To do: Could you please reproduce the entries exactly, leaving out any pictures?

Data to use:
________
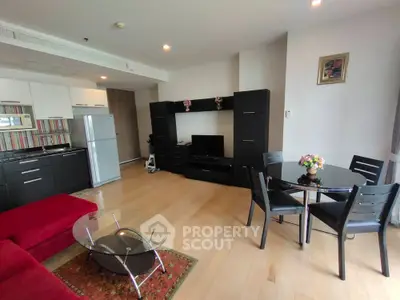Modern living room with open kitchen, stylish furniture, and cozy dining area.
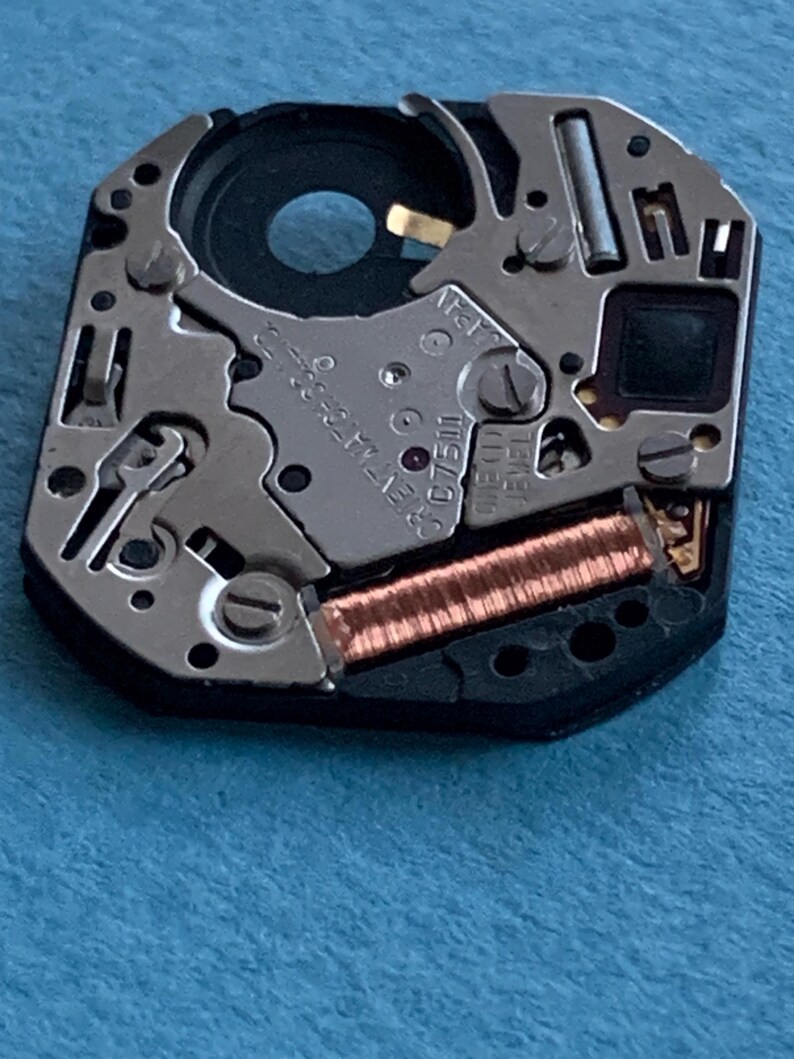 May include: Close-up of a watch movement with intricate mechanical components. The movement features silver-colored metal parts, a copper-colored coil, and the text "JAPAN". The watch mechanism is set against a blue background.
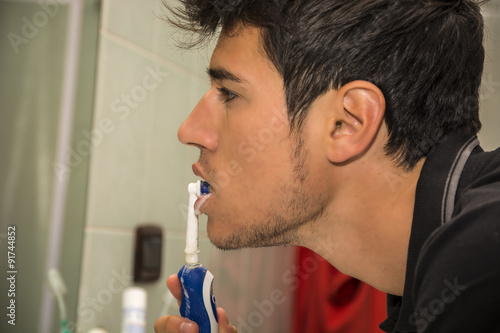 Headshot of young man brushing teeth with toothbrush
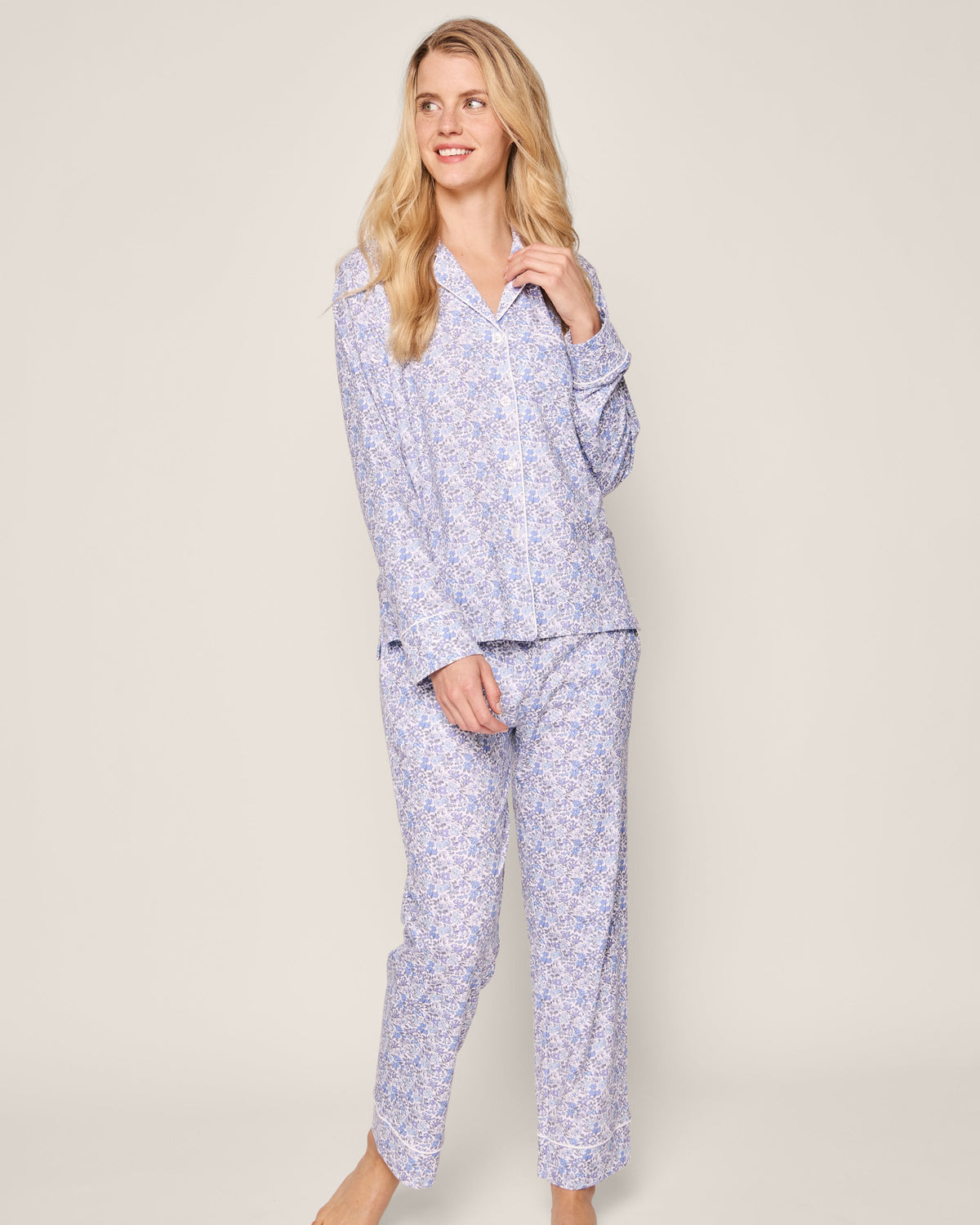 A person smiles while barefoot in Petite Plumes Womens Pima Pajama in Fleur dAzur, a vintage-inspired light purple floral set. Made from Peruvian Pima cotton, it features a long-sleeve button-up shirt with a collar and matching pants against a neutral background.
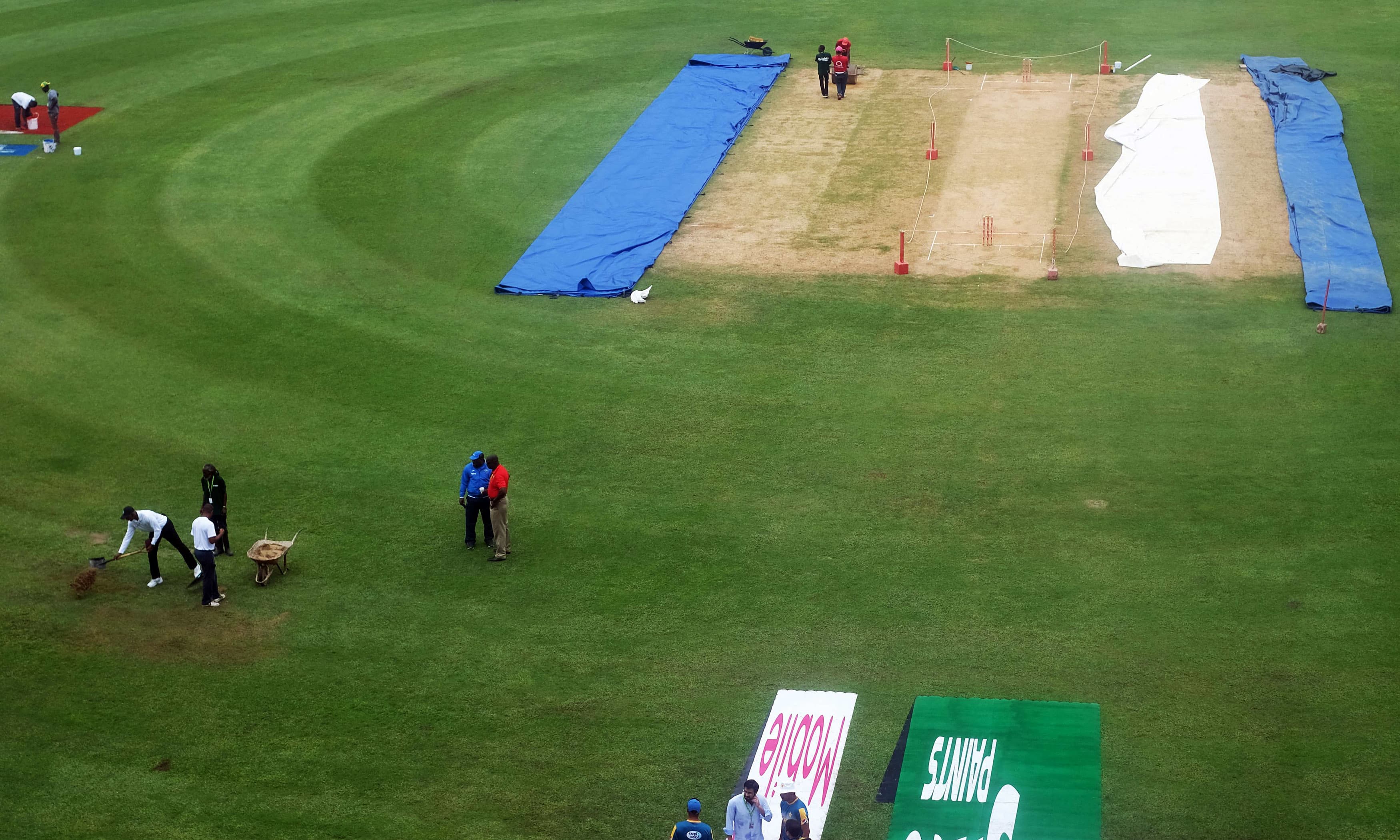 Groundsmen spread sand over part of the wet outfield before the start of day three. &mdash;AFP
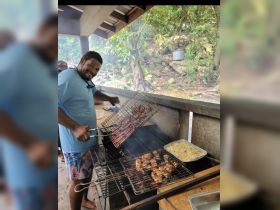 A chef skillfully grills a variety of meats at a scenic outdoor kitchen, perfect for catering memorable boat trips and beach barbecues.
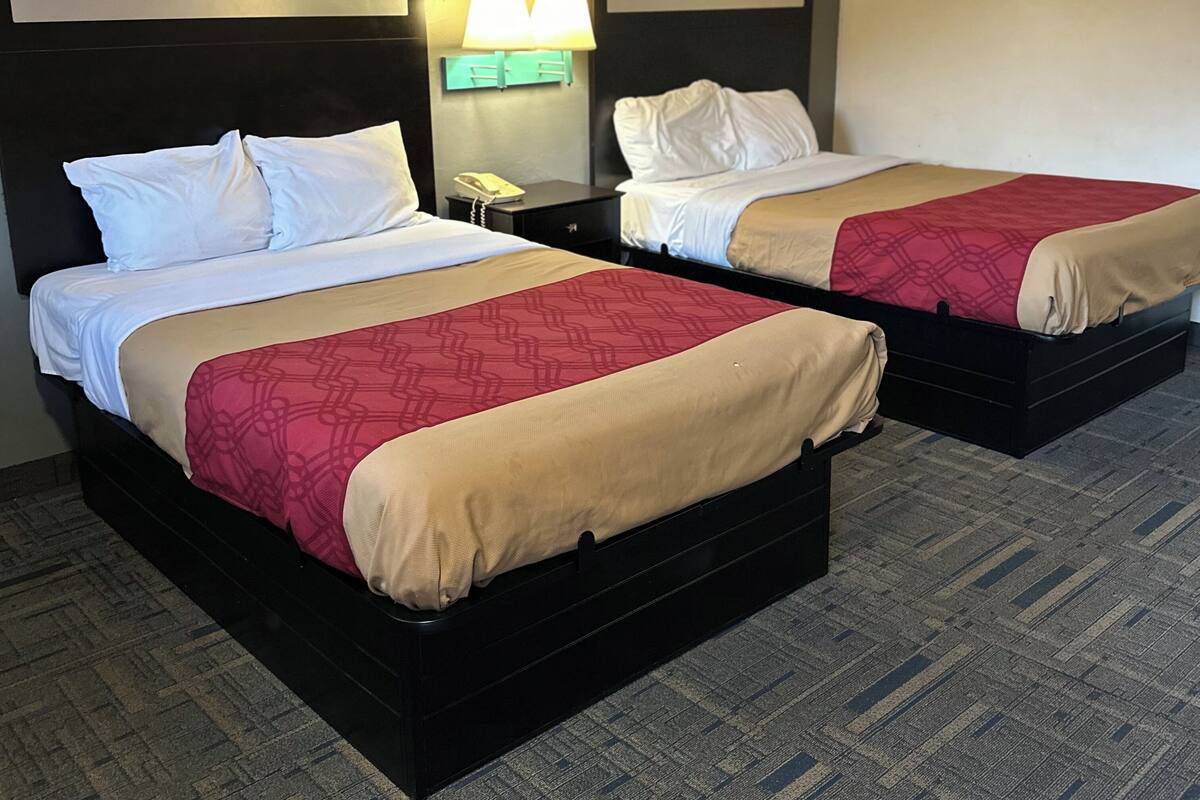 A hotel room with two beds, each with a headboard, a nightstand with a lamp, and a telephone.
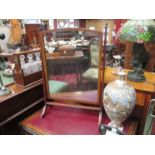 An Edwardian mahogany table top swing mirror with reeded supports to splayed feet,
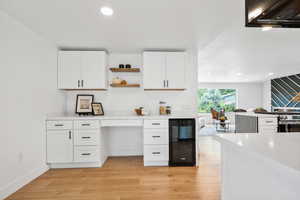 Kitchen with white cabinetry, beverage cooler, open shelves, light wood-type flooring, and recessed lighting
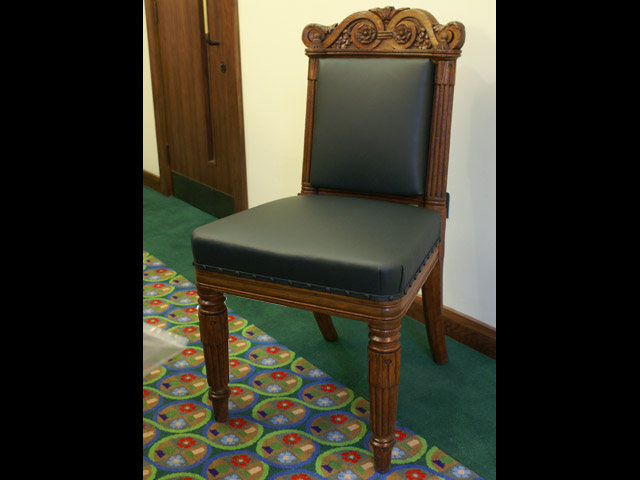 One of a set of dining chairs upholstered in green leather.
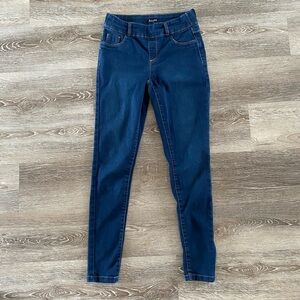 High waisted dark wash skinny jeans with contrast stitching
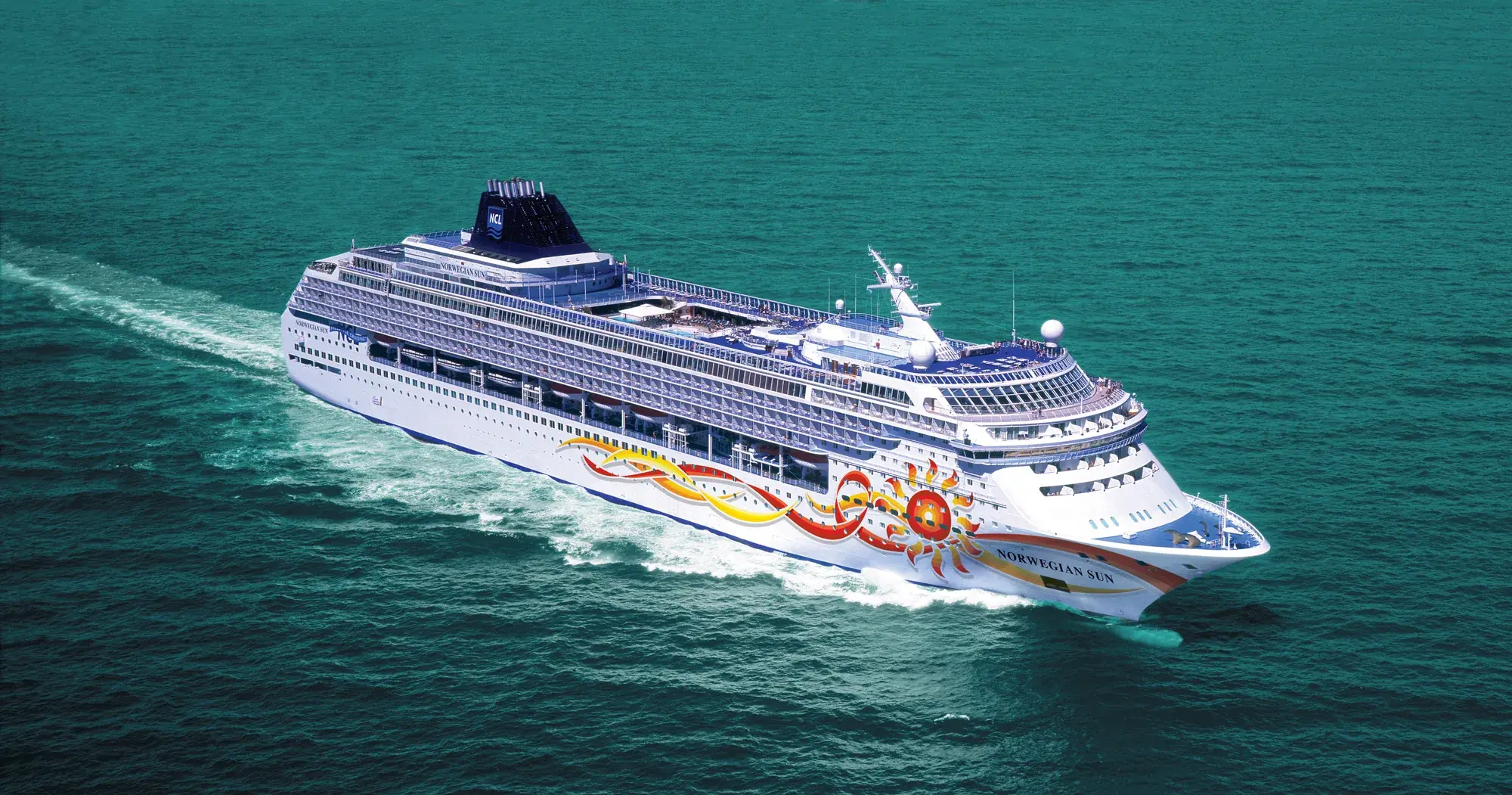 Norwegian Sun'ın açık denizde kuşbakışı görünümü; güneş desenli gövde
________
Output for this task:
Modern living room with open kitchen, stylish furniture, and cozy dining area.
 May include: Close-up of a watch movement with intricate mechanical components. The movement features silver-colored metal parts, a copper-colored coil, and the text "JAPAN". The watch mechanism is set against a blue background.
 Headshot of young man brushing teeth with toothbrush
 A person smiles while barefoot in Petite Plumes Womens Pima Pajama in Fleur dAzur, a vintage-inspired light purple floral set. Made from Peruvian Pima cotton, it features a long-sleeve button-up shirt with a collar and matching pants against a neutral background.
 Groundsmen spread sand over part of the wet outfield before the start of day three. &mdash;AFP
 A chef skillfully grills a variety of meats at a scenic outdoor kitchen, perfect for catering memorable boat trips and beach barbecues.
 A hotel room with two beds, each with a headboard, a nightstand with a lamp, and a telephone.
 An Edwardian mahogany table top swing mirror with reeded supports to splayed feet,
 Kitchen with white cabinetry, beverage cooler, open shelves, light wood-type flooring, and recessed lighting
 One of a set of dining chairs upholstered in green leather.
 High waisted dark wash skinny jeans with contrast stitching
 Norwegian Sun'ın açık denizde kuşbakışı görünümü; güneş desenli gövde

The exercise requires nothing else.